[EXTRACTED INFORMATION]
====

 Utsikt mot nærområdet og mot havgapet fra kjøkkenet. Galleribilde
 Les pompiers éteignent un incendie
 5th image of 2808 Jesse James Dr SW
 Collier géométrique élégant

====

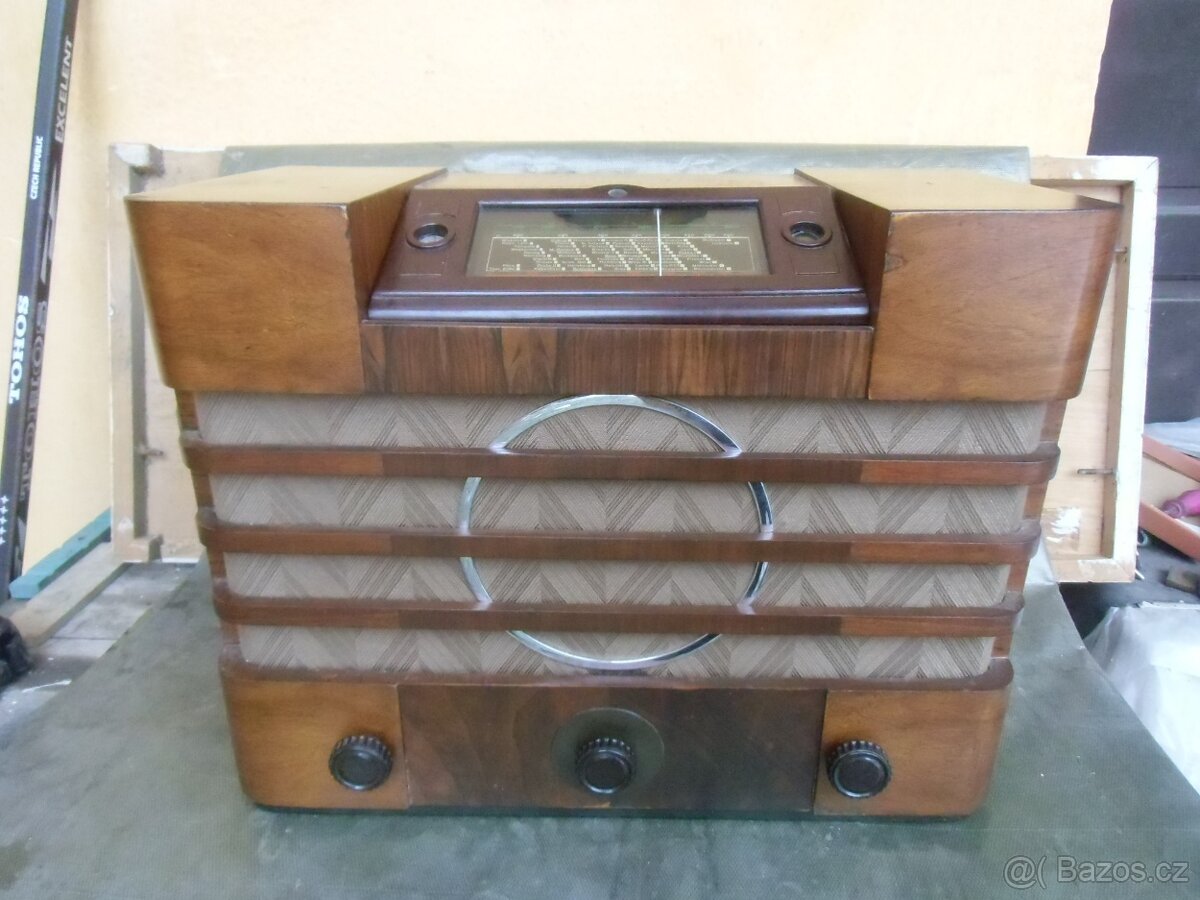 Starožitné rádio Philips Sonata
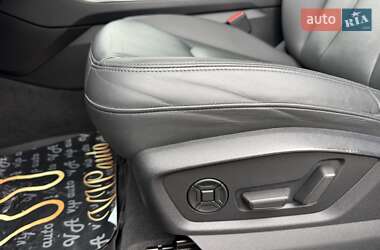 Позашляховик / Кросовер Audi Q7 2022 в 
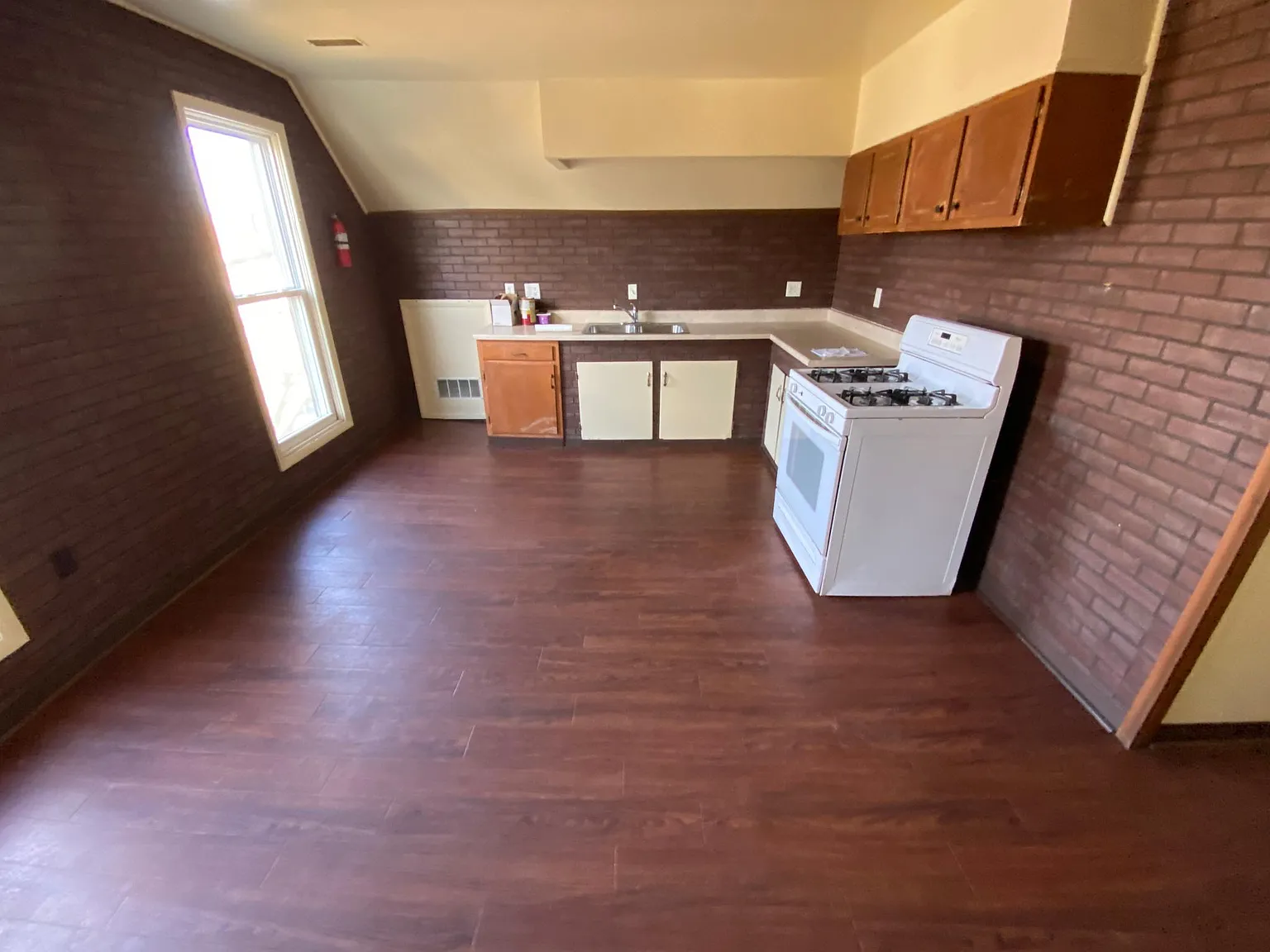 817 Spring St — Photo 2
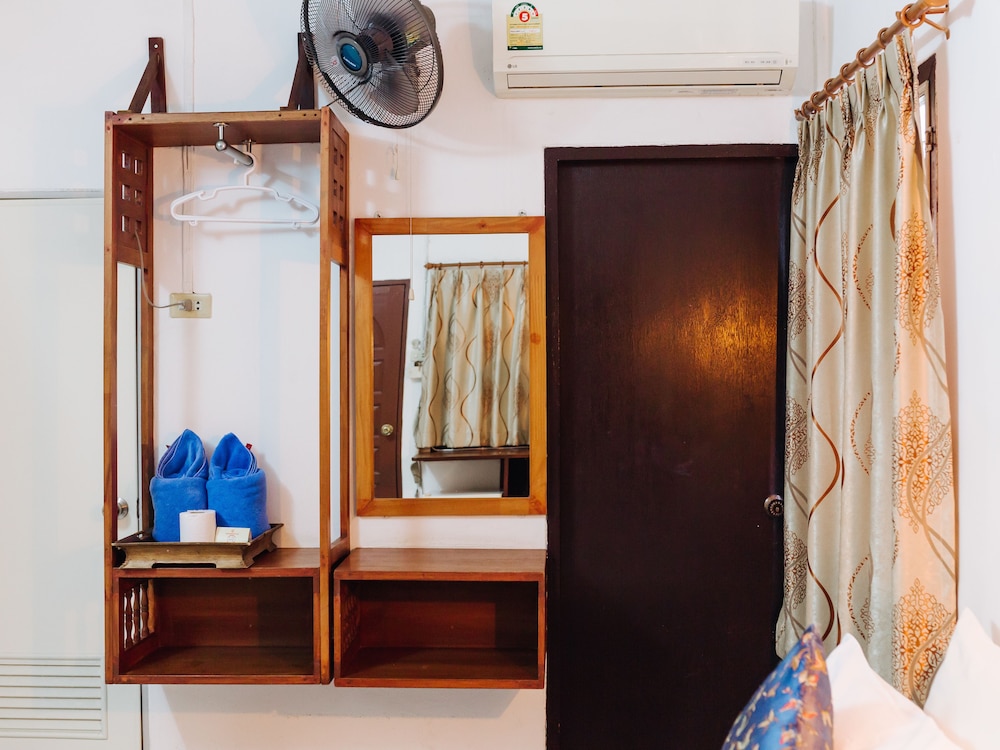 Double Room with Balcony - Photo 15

====

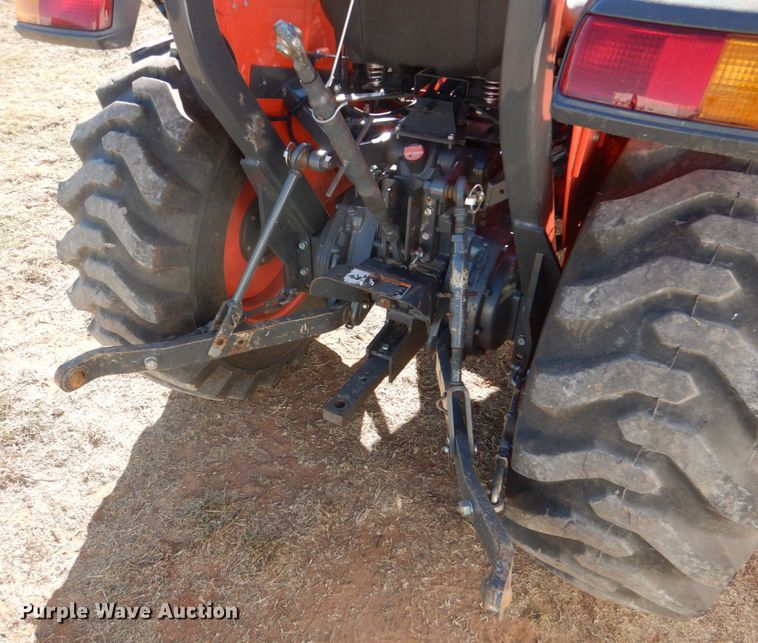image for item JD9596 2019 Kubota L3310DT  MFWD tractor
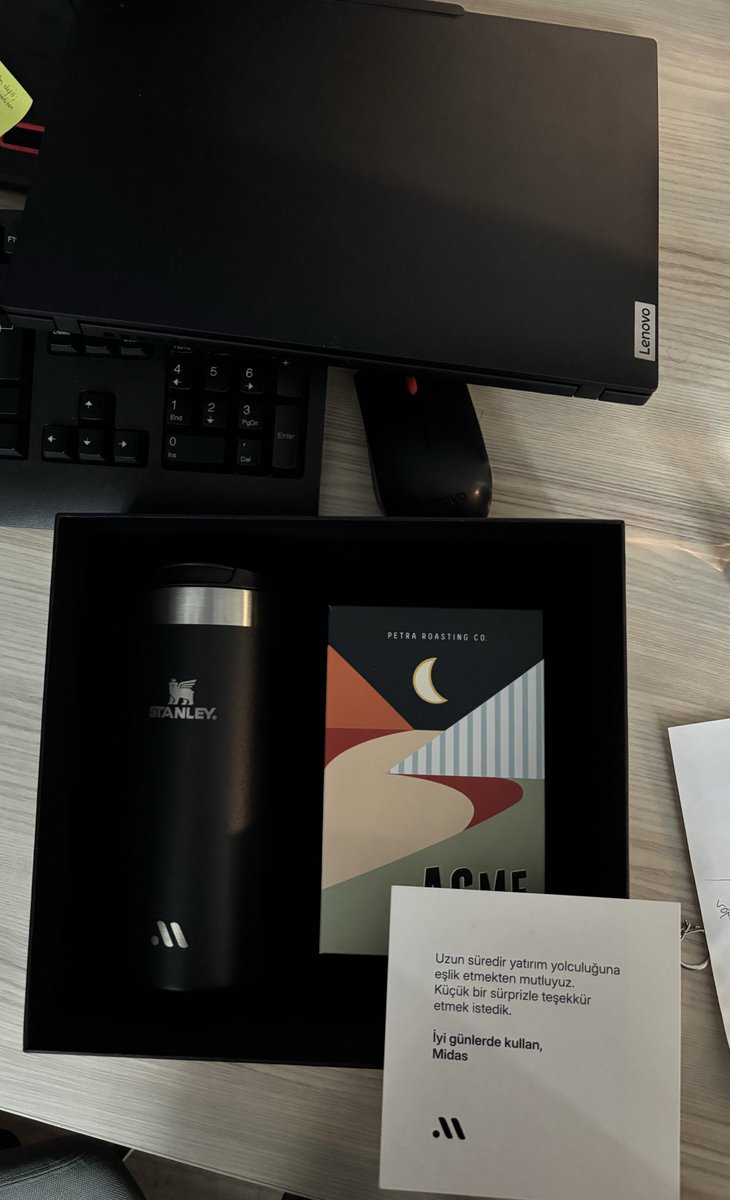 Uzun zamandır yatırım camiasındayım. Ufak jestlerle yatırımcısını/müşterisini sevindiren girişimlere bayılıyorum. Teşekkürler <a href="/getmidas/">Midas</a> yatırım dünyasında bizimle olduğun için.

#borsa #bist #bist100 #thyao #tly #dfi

====

[WHAT YOU WILL DO] Using the records above, restate word for word the lines from the one with "Utsikt mot nærområdet" through the one with "Collier géométrique élégant", both included.

[ANSWER SECTION]
 Utsikt mot nærområdet og mot havgapet fra kjøkkenet. Galleribilde
 Les pompiers éteignent un incendie
 5th image of 2808 Jesse James Dr SW
 Collier géométrique élégant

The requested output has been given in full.